En este día de la Iglesia diocesana estamos invitados a volver la mirada con agradecimiento y legítimo orgullo a nuestra fe. La vimos, quizá ya desde niños, expresada en la humanidad buena de gentes cercanas, que ponían ante nuestros ojos fe y confianza en Dios, respeto a las personas, sentido de la responsabilidad y de la compasión.
La fe tiene para nosotros el rostro de personas queridas que nos la han transmitido; de nuestras parroquias y de nuestra tierra, de sus fiestas y tradiciones, de su forma más propia de vida en las casas y en los pueblos.
Siempre será una felicidad volver la mirada a estas presencias buenas, que son nuestras raíces y nuestro hogar más personal. Y será siempre una alegría inmensa poder ver que sigue realizándose en ellas la obra del Señor Jesús, que sigue creciendo la semilla de la fe que Él ha sembrado y cuida en nuestros corazones.
Nuestro verdadero orgullo es tener al Señor como amigo, promesa de bien para aquellos que más amamos, sostén y guía de nuestras vidas, consuelo en las dificultades, misericordia en los dolores, esperanza que ni la muerte podrá desmentir.
Nuestro orgullo es ser amados por Él, del todo gratuita y a la vez radicalmente, y ver florecer este Amor en la vida de nuestros seres queridos, como perenne inicio de un mundo que se renueva. Caminamos juntos, sin desesperar nunca por la mentira o el dolor, ciertos de un destino bueno, de la morada que el Señor nos prepara, en cielos y tierra nuevos en que habita la justicia.
Y esta tradición buena, llena de vida, sigue siendo la de nuestras parroquias, la de nuestra Iglesia diocesana, habitada también hoy por rostros que nos hablan de humanidad sencilla y verdadera, de fe en Dios y de caridad. En esta nuestra casa, todos importamos, de cualquier edad o condición, la palabra o el gesto de cada uno.
Cuidemos estos hogares presentes en nuestra tierra en más de mil parroquias, sostenidas por la entrega, el sacrificio, la fe y la alegría de muchos. Y demos las gracias de corazón a todos los que las cuidan en algún servicio particular: a los sacerdotes, pero igualmente a tantos colaboradores en todas las actividades que construyen la vida de nuestras comunidades cristianas, a los catequistas, a quienes se preocupan de los templos y ayudan en las celebraciones, preparando, cantando, como acólitos o lectores, a los que hacen posible la atención de Caritas a los necesitados, a quienes cooperan en la administración de las cuentas parroquiales, etc.
Colaboremos con nuestra presencia, con nuestro aliento, con la participación y el apoyo necesario, según los medios de cada uno.

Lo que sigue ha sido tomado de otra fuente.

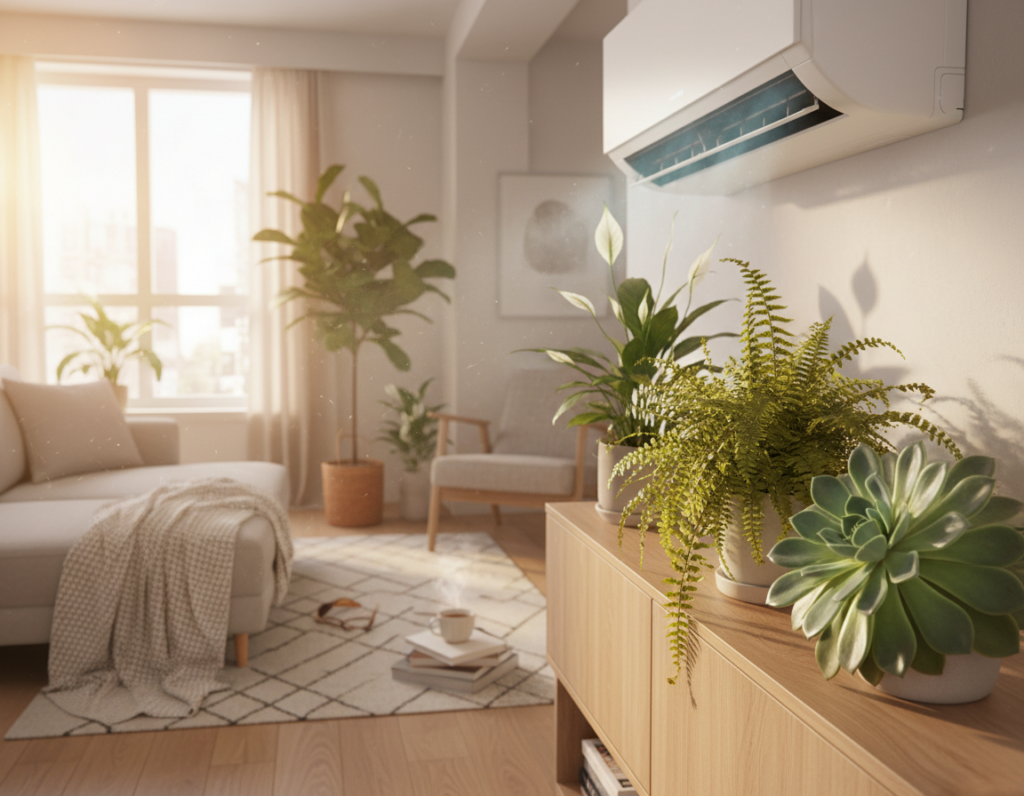 How Air Conditioning and Indoor Heating Affect Plant Health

No nos quedemos nunca en la sola crítica, construyamos juntos.
Cuidemos lo más importante, lo que da vida y sabiduría al corazón, hace florecer nuestra humanidad, nos enseña a vivir como hermanos, a preferir la justicia y a afrontar los desafíos de nuestra sociedad. Cuidemos a nuestra Iglesia diocesana. En ella aprendemos a conocer y a hablar con Dios, a gloriarnos sólo en el amor del Señor, Aquel que confirma la dignidad de nuestra persona más allá de cualquier poder de este mundo y nos da la esperanza de la resurrección.